D- Il n’est pas moral de payer quelqu’un à ne rien faire.
Pas de travail, pas de salaire.
Pourquoi payer quelqu’un à ne rien faire alors que les autres travaillent?
Le paradoxe pourrait être : « justement, pour qu’il puisse chercher ce qu’il a envie de faire », sans être contraint d’exercer n’importe quel boulot. Nous n’avons plus besoin de lui pour remplir nos magasins de produits jetables, dont l’obsolescence est volontairement programmée.
Par contre, nous avons besoin de lui pour écouler la production de produits de base, pour permettre l’existence d’une économie durable préservant l’homme et la nature.
DE plus, cette idée peut paraitre immorale, que dire de la réalité qui fait que certains meurent de faim (environ 20000 par jour) dans un monde manifestement gorgé d’argent et de produits?
E-Sans travail, c’est la porte ouverte à n’importe quoi.
“L’oisiveté est la mère de tous les vices.”
Voir à ce sujet le florilège des objections faites contre le projet des congés payés en 36.
A ce moment là aussi, il était trés difficile d’imaginer ce que le développement des vacances allait entrainer comme richesses nouvelles et potentialités de réalisation personnelle.
Nous devons nous remettre dans ce même état d’esprit et oser envisager la multitude d’activités que pourrait générer cette initiative.
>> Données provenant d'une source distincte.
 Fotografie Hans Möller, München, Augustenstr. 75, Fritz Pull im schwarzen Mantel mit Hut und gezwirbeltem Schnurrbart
Et comment ne pas se poser la question: “Un être humain peut-il rester sans rien faire et si oui, combien de temps ?” Il n’y a pas de réponse définie et sûre, cela dépend probablement de notre foi en l’être humain.
Il faut peut être ici admettre que la dialectique ne suffira pas à nous déterminer et qu’il s’agit en fait d’un pari à priori sur les capacités de l’être humain. Les spécialistes du cerveau sont unanimes à dire que nous utilisons une partie très réduite de celui-ci dans notre quotidien. Le cercle vicieux commence là: ne connaissant pas ce dont nous sommes capables, nous nous contentons de faire avec ce dont nous avons l’habitude, ce qui nous satisfait pour l’instant, ce qui nous comble. Et le consumérisme ambiant actuel favorise cet état de choses qui lui profite bien en nous cantonnant au” du pain et des jeux”.
Nous devons donc faire un effort pour sortir du schéma actuel , notre paradigme, pour imaginer ce que pourrait être une société d’humains éduqués dans une société de coopération plutôt que de compétition, de créativité plutôt que de productivité, d’imaginaire plutôt que d’efficacité. Certains en sont déjà à travailler sur une intelligence collective qui pourrait être bien différente de tout ce que nous connaissons.